As a result, hospitals can operate less and emergency rooms sometimes close, it reports AD.
Patients are waiting for flow
The newspaper toured various hospitals and collected information about the number of patients waiting to be transferred to another location.
This showed that about a hundred people in the Utrecht region are still in hospital waiting for care elsewhere. In the Zuyderland Medical Center, forty patients no longer need hospital care and the Maastricht UMC speaks of about forty people a day who can already be discharged.
The patients in these hospitals sometimes wait a few days, but sometimes even a few weeks before they can go elsewhere. Many people on the waiting list are elderly people who, after an emergency admission, are too vulnerable to return to their home and live there independently.
Esther Peters, director of integral capacity management at Maastricht UMC, says to the newspaper: “It is especially difficult to place people who are confused.

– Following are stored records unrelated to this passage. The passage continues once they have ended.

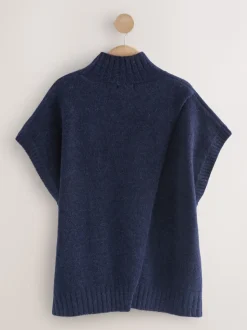 Navy Blue N. Premium Knitted Tank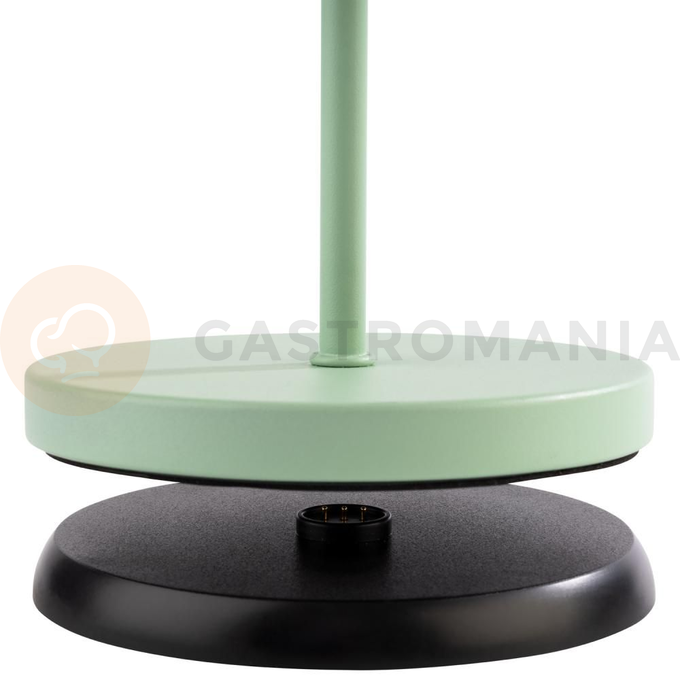 Stolní lampa 110 mm, zelená | APS, Merle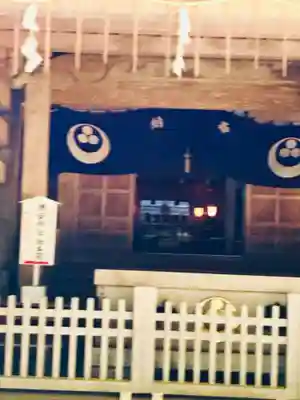 猿田神社の本殿・本堂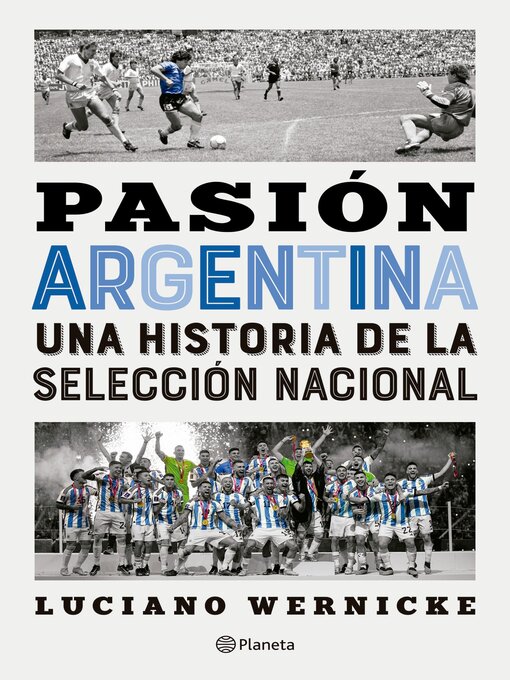 Title details for Pasión argentina by Luciano Wernicke - Available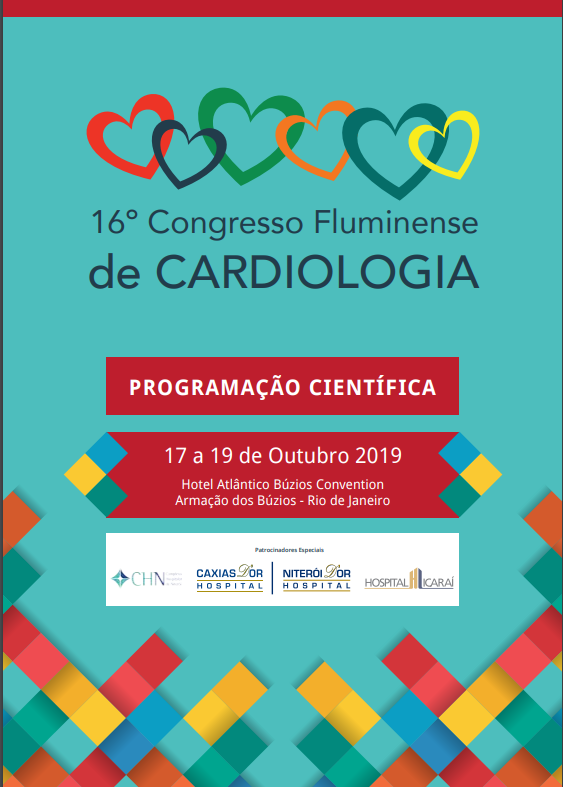 Aluno do PPGCCV fará a Conferência de Abertura do 16o Congresso Fluminense de Cardiologia da SOCERJ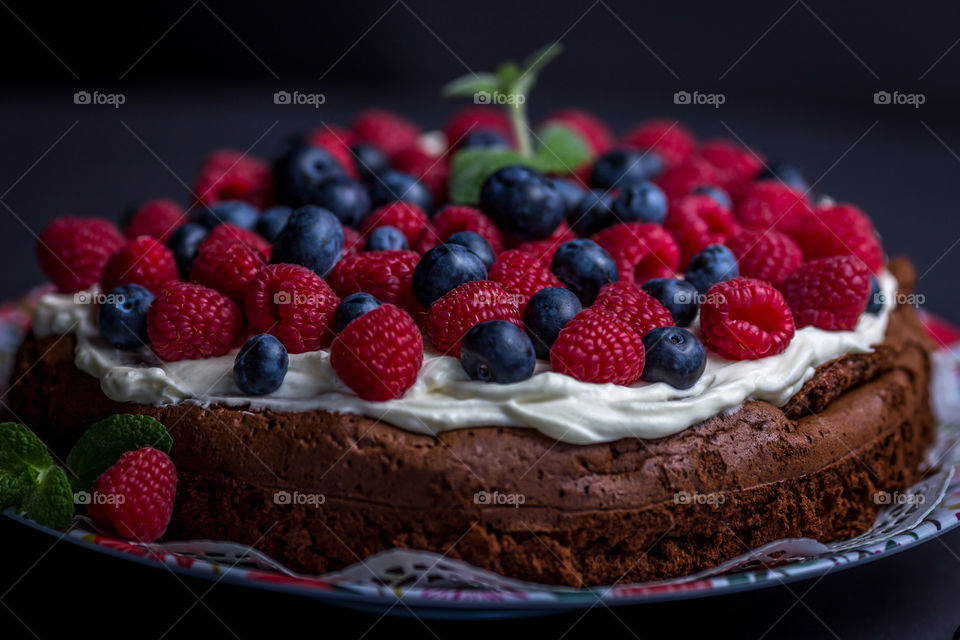 Fruits cake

They often have to be placed in a closed department and need a lot of care. Many institutions have no room for these patients.”
Fewer operations
By the patients who stay in the beds, operations are postponed due to a lack of space and fewer new patients can be admitted. The emergency department also sometimes has to close because no new patients can be admitted.
Accumulation problems
The problem follows the many current bottlenecks in healthcare. Since the pandemic, there has been an accumulation of problems, as the demand for care is increasing but the supply continues to fall. There is a shortage of staff throughout the healthcare sector and absenteeism remains high.
“In fact, most of the problems have their origin in the care gap that already exists and continues to widen,” says Wim Goudswaard, cutting business manager at the ADRZ in Goes.